Supplied material
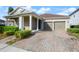 Charming home featuring a well-manicured lawn, covered entryway, and a two-car garage at 3242 Irish Peach Dr, Winter Garden, FL 34787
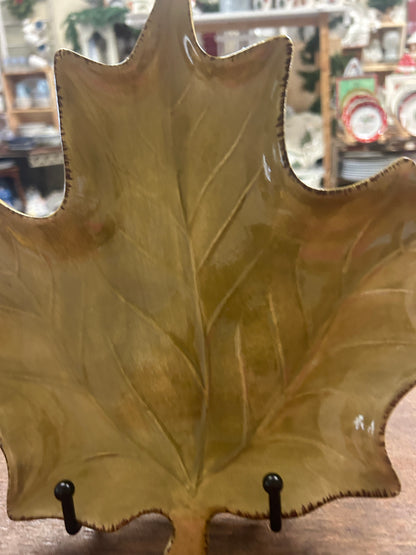 Gold-green leaf-shaped ceramic plate with glossy leaf-vein texture, close-up view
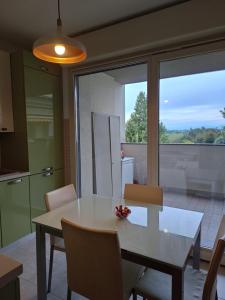 a kitchen and dining room with a white table and chairs at Sunset Penthouse in Gessate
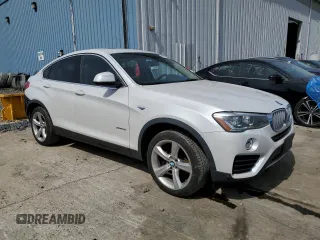 2015 BMW X4 xDrive28i with VIN 5UXXW3C59F0F89517, listed as a Copart auction lot 49989304 with 65,554 mi miles. Bid and sale history available at carsss.com. Image 4.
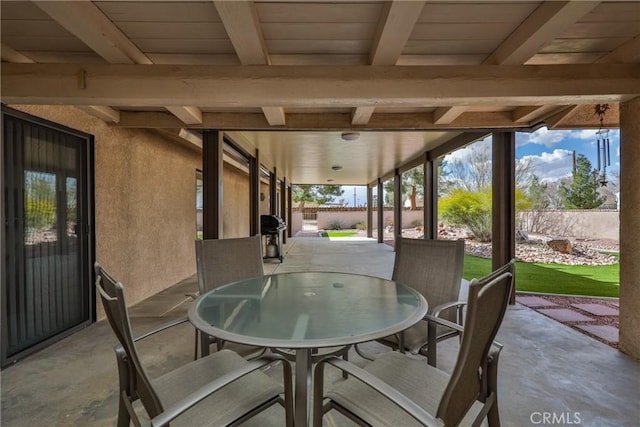 view of patio / terrace with area for grilling and outdoor dining area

About this exercise
Your task is to return the entries above exactly, with no pictures.

Solution to this problem
 Charming home featuring a well-manicured lawn, covered entryway, and a two-car garage at 3242 Irish Peach Dr, Winter Garden, FL 34787
 Gold-green leaf-shaped ceramic plate with glossy leaf-vein texture, close-up view
 a kitchen and dining room with a white table and chairs at Sunset Penthouse in Gessate
 2015 BMW X4 xDrive28i with VIN 5UXXW3C59F0F89517, listed as a Copart auction lot 49989304 with 65,554 mi miles. Bid and sale history available at carsss.com. Image 4.
 view of patio / terrace with area for grilling and outdoor dining area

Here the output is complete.